■ Collected material:
+++

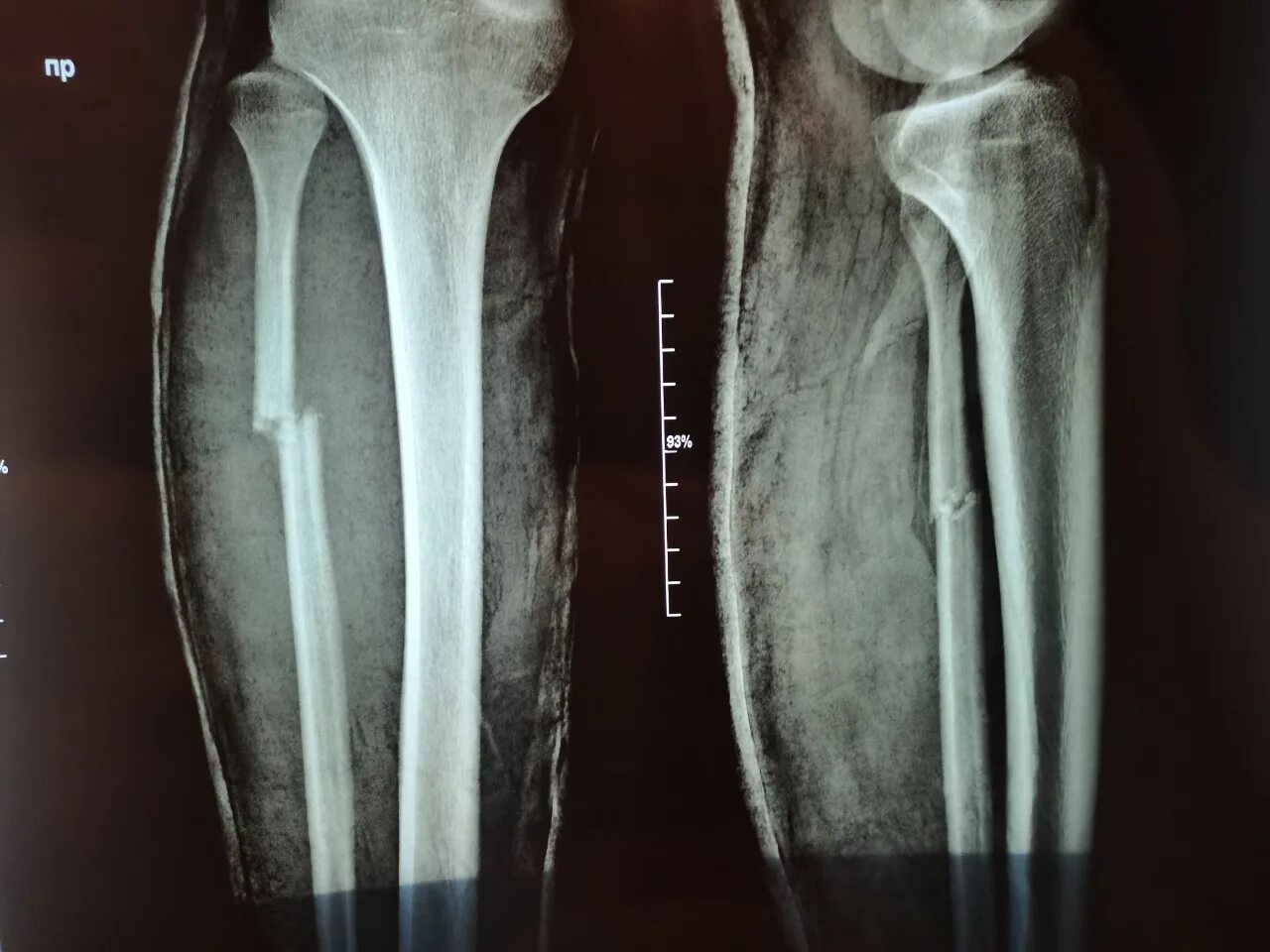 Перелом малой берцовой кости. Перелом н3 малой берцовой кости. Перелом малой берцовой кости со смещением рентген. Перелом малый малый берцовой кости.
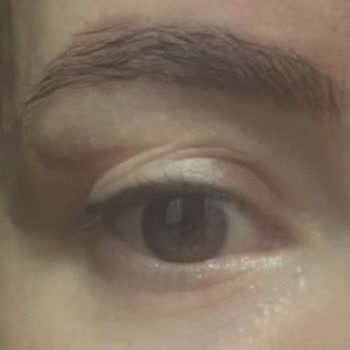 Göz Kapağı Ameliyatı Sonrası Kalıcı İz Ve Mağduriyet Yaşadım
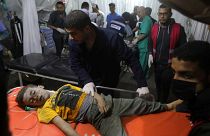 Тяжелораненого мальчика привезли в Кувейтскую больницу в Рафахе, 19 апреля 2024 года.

+++

■ Try it: Repeat the listing word for word. Leave images out.

■ Task solution:
 Перелом малой берцовой кости. Перелом н3 малой берцовой кости. Перелом малой берцовой кости со смещением рентген. Перелом малый малый берцовой кости.
 Göz Kapağı Ameliyatı Sonrası Kalıcı İz Ve Mağduriyet Yaşadım
 Тяжелораненого мальчика привезли в Кувейтскую больницу в Рафахе, 19 апреля 2024 года.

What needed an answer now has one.